What is "generation X" and "generation Y"?

Why are we called Generation Y?

What's Generation X anyway?

What about Baby Boomers?


Solution 1:

"Generation X" generally refers to :

the generation born in the United States after 1965.

Thus, that'd be your parents. We're called "Generation Y", because "generation Y" is the generation after our parents, and generally refers to:

the generation born in the 1980s and 1990s

These two terms are generally(note, generally) used to refer to people born within these time periods, and Gen Y, usually refers to the youths and young adults of this world. I suppose in later times however, we would become the Gen X(Born 1995 - 2011?), and our children the Gen Y(2012 - 2040?)

"Baby Boomers" refers to someone born after the war. Right after the war, there was a baby boom. There was one in USA, and there was one in Australia, as far as I know. Our grandparents are baby boomers.

Solution 2:

As a "Gen X'er", I'll attempt to fill in between the lines on the RiMMER's wikipedia answer (which is good).

Immediately after WWII in the USA there was a huge surge in childbirth. (All the men quit fighting overseas and came home...I'll let you do the math). Interestingly, it didn't just stop a few months after it started, but continued with a slight tapering off for the better part of 10 years or so. The phrase coined for it was The Baby Boom.

Once these kids started to grow up, marketing folks started to realize that they could make a lot of money by appealing just to this particular generation of kids (and later adults). There were a whole lot of them, they in general had different attitudes on things than previous generations (having never seen a full-on World War). Most importantly they were entering prime buying years, which are roughly 18-45. Marketing weasels call this "The Golden Demographic." The marketing weasels need a name to call this handy grouping of consumers, so they borrow that previous term and call them Baby Boomers (sometimes shortened to Boomers). Easy, right?

Now eventually (starting in the late 60's) these folks have kids, and by the mid-80's those kids start entering the "Golden Demographic". Marketing weasels realize they are going to need to start studying and targeting this new batch of consumers. So they have to come up with a name for them. However, we (born in '67 here) aren't really a particularly coherent lot, so this isn't an easy task. Eventually, they just give up and call us Generation X (presumably hoping a better name eventually comes along). It never did, so we are now forever "Generation X" to the marketing folks.

Of course eventually we start having kids too, and they start turning 18 sometime around the early 2000's. So now the marketing weasels need another new name for this new batch of consumers. Since marketing weasels are fundamentally a lazy bunch, they like to go with Generation Y. However, the new millennium is a rather convenient marker, so they also sometimes refer to them as millennials.

Does all this sound a little cynical?
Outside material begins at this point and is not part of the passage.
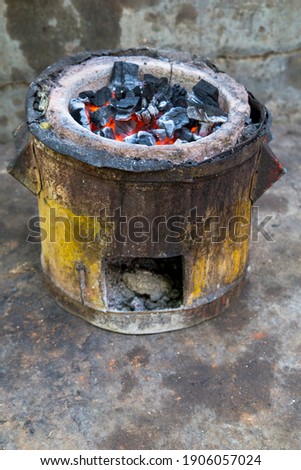 This purpose built stove is often used by street food stalls and is highly energy efficient relative to the common three stone fire.The purpose built stove not only saves money but also uses less fuel Royalty-Free Stock Photo #1906057024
Well, I'm a Gen-X'er. We're all cynical. Just ask the marketing weasels. That's what they always told me I am...who am I to say otherwise?

Solution 3:

The Wikipedia article explains:

Generation Y, also known as the Millennial Generation (or Millennials), Generation Next, Net Generation, Echo Boomers, describes the demographic cohort following Generation X. There are no precise dates for when the Millennial generation starts and ends, and commentators have used birth dates ranging somewhere from the mid-1970s to the mid 1990s, with some sources including as late as the early 2000's.

The term Generation Y first appeared in an August 1993 Ad Age editorial to describe teenagers of the day, which they defined, at that time, as separate from Generation X, and then aged 12 or younger (born after 1981), as well as the teenagers of the upcoming ten years.

Generation X, commonly abbreviated to Gen X, is the generation born after the Western post–World War II baby boom ended.

The term Generation X was coined by the Magnum photographer Robert Capa in the early 1950s. He would use it later as a title for a photo-essay about young men and women growing up immediately after the Second World War. The project first appeared in "Picture Post" (UK) and "Holiday" (US) in 1953. Describing his intention, Capa said 'We named this unknown generation, The Generation X, and even in our first enthusiasm we realised that we had something far bigger than our talents and pockets could cope with'.